┏━━
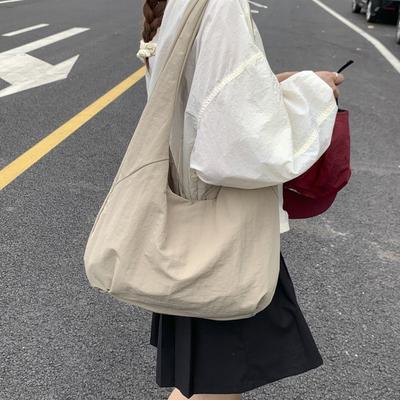 Sac en toile pour femme grande capacité nouveau polyvalent simple sac de navette épaule aisselle sac fourre-tout étudiante
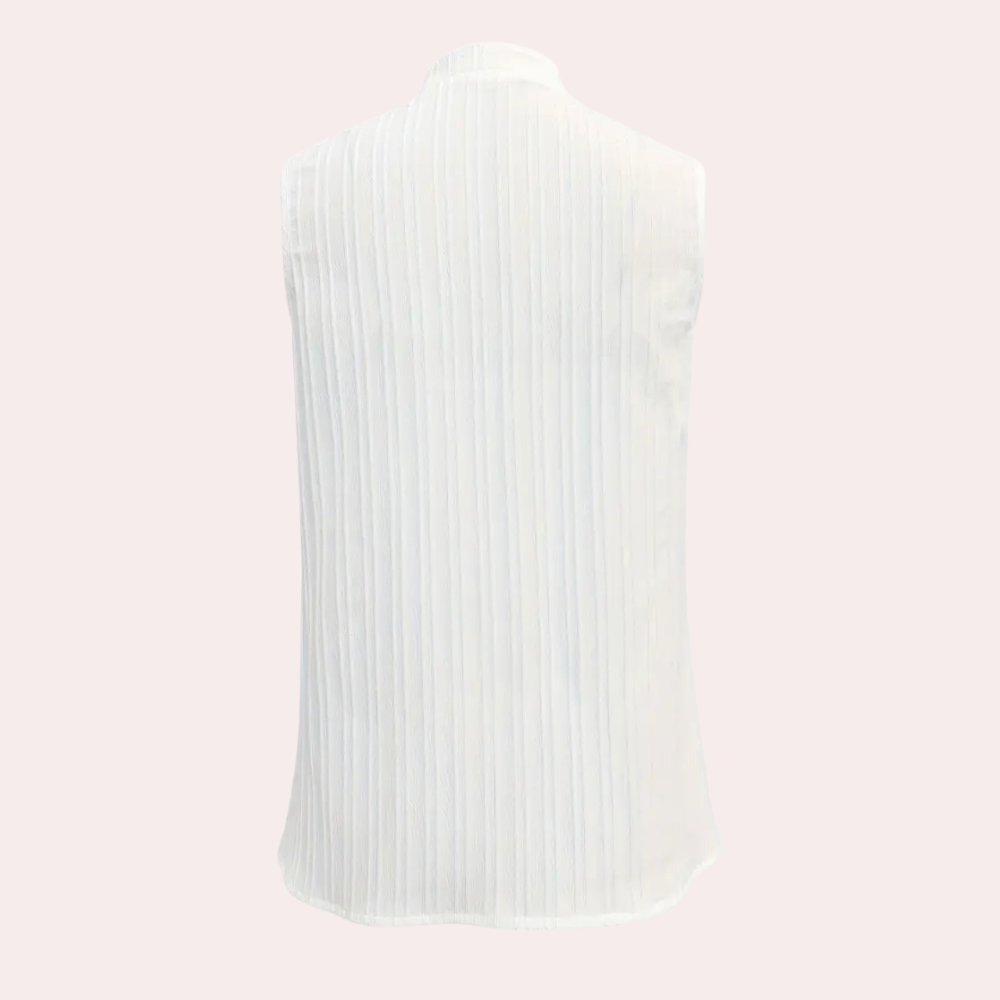 Chic white women's top, an elegant & versatile apparel piece for feminine everyday wear and special events.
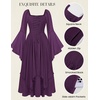 image:imageScarlet Darkness Renaissance Costume Women Ren Faire Dress Fairy Dresses  Chiffon fabric bell sleeve double hem Ideal for pirate cosplay witch party medieval vintage event halloweenCrown Jewel Purple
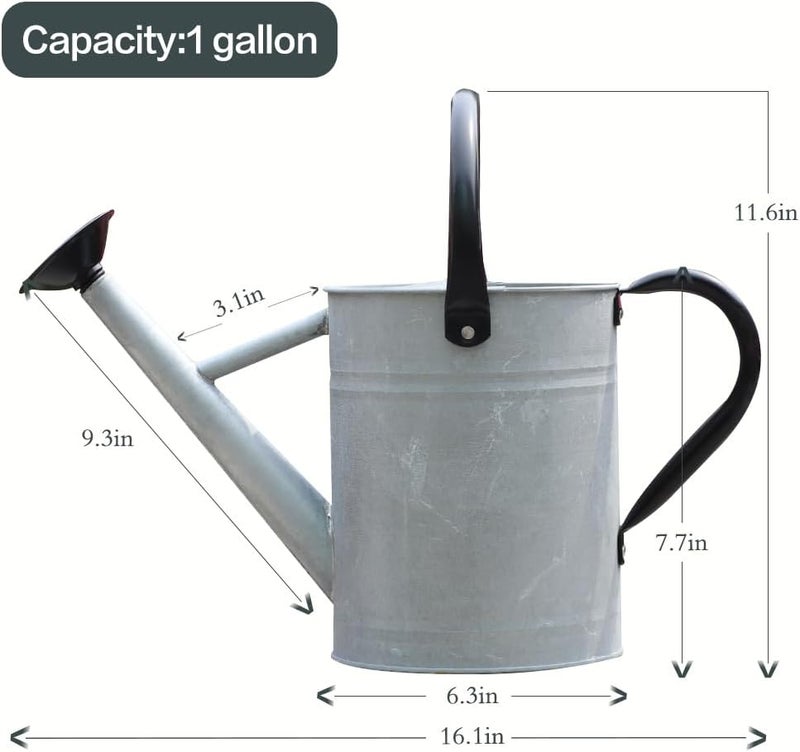 yourjoy Metal Watering Can, One Gallon Watering Cans Stainless Steel for Outdoor Indoor Garden Plants Watering (Silver 1 Gallon) - Image 5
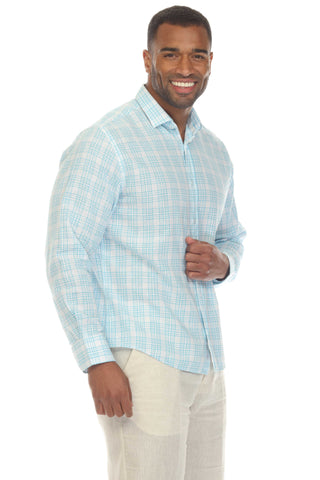 Slim Fit Casual Linen Blend Shirt Long Sleeve Checker Print Button Down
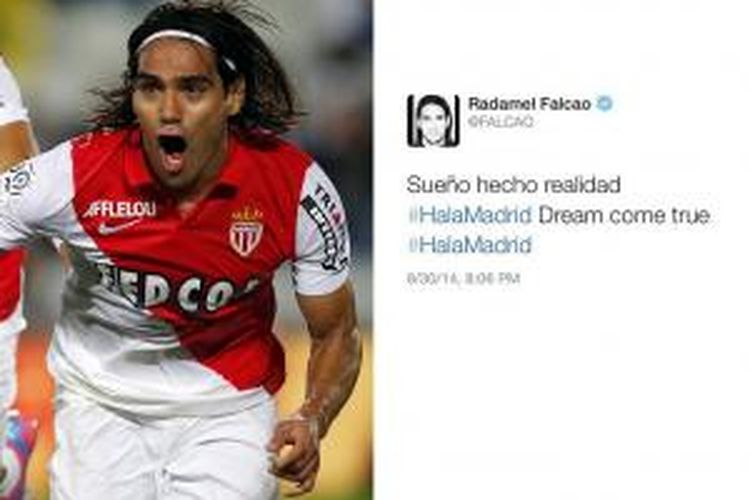 Screenshot akun Twitter penyerang AS Monaco, Radamel Falcao, yang menguatkan dugaan ia akan pindah ke Real Madrid, pada bursa transfer musim panas ini.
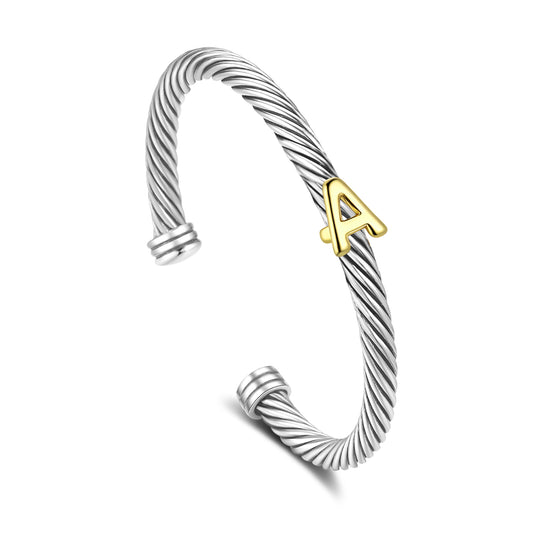 Aprilery Cuff Bracelet for Women Silver Wire Twisted Two Tone Cable Bracelet Letter Cuff Bangle Vintage Bracelets Jewelry Gifts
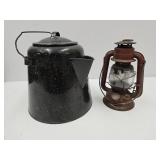 VTG 8.5" Comet Dietz Lantern & Cowboy Coffee Pot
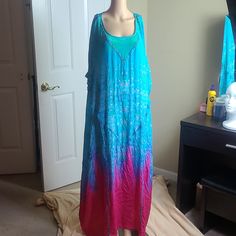 Nwt!! See Pictures For Condition And Details. Size Small But Looks Like One Size Fits All. Turquoise Silk Dress For Spring, Silk Lined Beach Dresses, Silk Lined Dress For Vacation, Blue Flowy Long Midi Dress, Flowy Blue Long Midi Dress, Silk Long Sleeve Beach Cover-up Dress, Long Blue Dress For Beach Cover-up, Bohemian Blue Silk Maxi Dress, Blue Silk Bohemian Maxi Dress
┗━━
* _Goal of the exercise_: What is needed is an exact restatement of every line from the one containing "Slim Fit Casual" through the last line of the records, pictures left out.

* _Response area_:
 Slim Fit Casual Linen Blend Shirt Long Sleeve Checker Print Button Down
 Screenshot akun Twitter penyerang AS Monaco, Radamel Falcao, yang menguatkan dugaan ia akan pindah ke Real Madrid, pada bursa transfer musim panas ini.
 Aprilery Cuff Bracelet for Women Silver Wire Twisted Two Tone Cable Bracelet Letter Cuff Bangle Vintage Bracelets Jewelry Gifts
 VTG 8.5" Comet Dietz Lantern & Cowboy Coffee Pot
 Nwt!! See Pictures For Condition And Details. Size Small But Looks Like One Size Fits All. Turquoise Silk Dress For Spring, Silk Lined Beach Dresses, Silk Lined Dress For Vacation, Blue Flowy Long Midi Dress, Flowy Blue Long Midi Dress, Silk Long Sleeve Beach Cover-up Dress, Long Blue Dress For Beach Cover-up, Bohemian Blue Silk Maxi Dress, Blue Silk Bohemian Maxi Dress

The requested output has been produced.